I want to use local databases, so this is N/A to me.

> 2) Standalone BLAST executables:The Standalone BLAST executables are 
> command line programs which run BLAST searches against local 
> downloaded copies of the NCBI BLAST databases. The programs will 
> handle either a single large file with multiple FASTA query 
> sequences,

This is what I would like to do, but the current version of
Bio/Blast/NCBIStandalone only appears to look at the output for the
first query.

[In fact, I would argue that silently ignoring the results for the
subsequent queries is a bug...]

In the case of blastp (and I would therefore expect for blastall in 
general), the second and subsequent queries are almost the same format, 
but with the database information omitted from their headers.

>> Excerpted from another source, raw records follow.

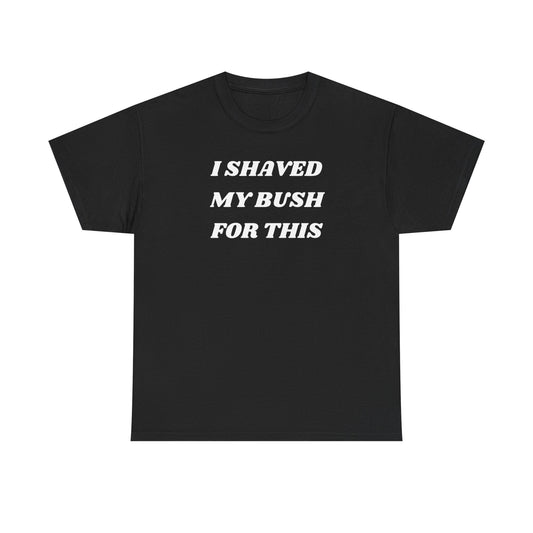 This image features a black, crew-neck t-shirt with the humorous phrase "I SHAVED MY BUSH FOR THIS" printed in bold, white letters across the chest. The t-shirt, which appears to be made of a comfortable, breathable cotton fabric, is showcased on a plain background to emphasize its design.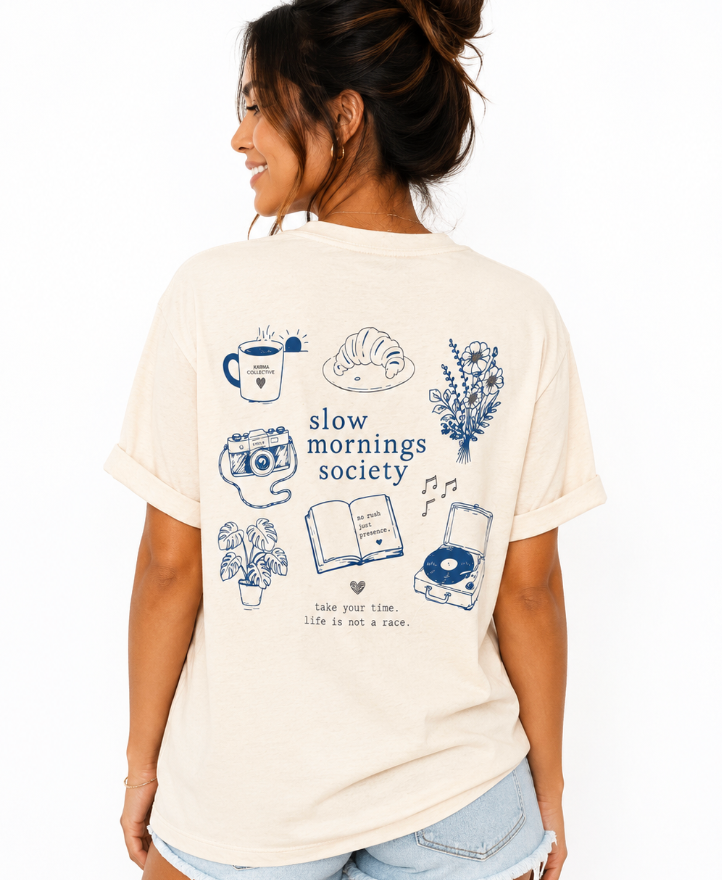 Slow Mornings Society Casual T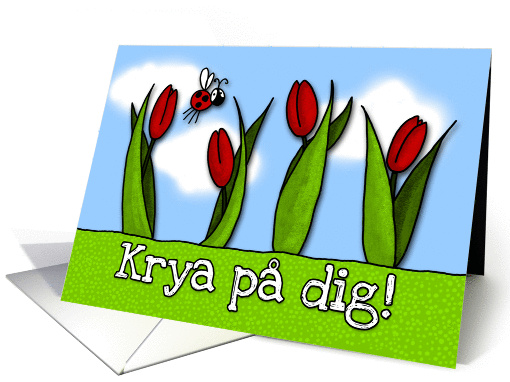 Krya p dig - tulips - Get well in Swedish card (848228)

i.e. First record header has:
* Version string
* Reference
* Query= ... (NNN letters)
* Database

Subsequent records have:
* Version string
* Reference
* Query= ... (NNN letters)

For blastn and tblastn (blastall) these is also the -B option which may
complicate things.

The rpslast output is similar.  First record has header of:
* Version string
* Query= ... (NNN letters)

Subsequent records have just header of:
* Query= ... (NNN letters)

Incidentally, I have emailed the NCBI about the missing reference and 
database information, but got an automated reply that the recipient was 
on holiday until late December.

See also Bug 1715 where I have got rpsblast support working in BioPython:

http://bugzilla.open-bio.org/show_bug.cgi?id=1715

> or you can create a script to send multiple files one at a time...

This is effectively what I have been doing with BioPython at the moment. 
  It works fine, but the speed is rather poor due to all the disc access.

Peter
-- 
PhD Student
MOAC Doctoral Training Centre
University of Warwick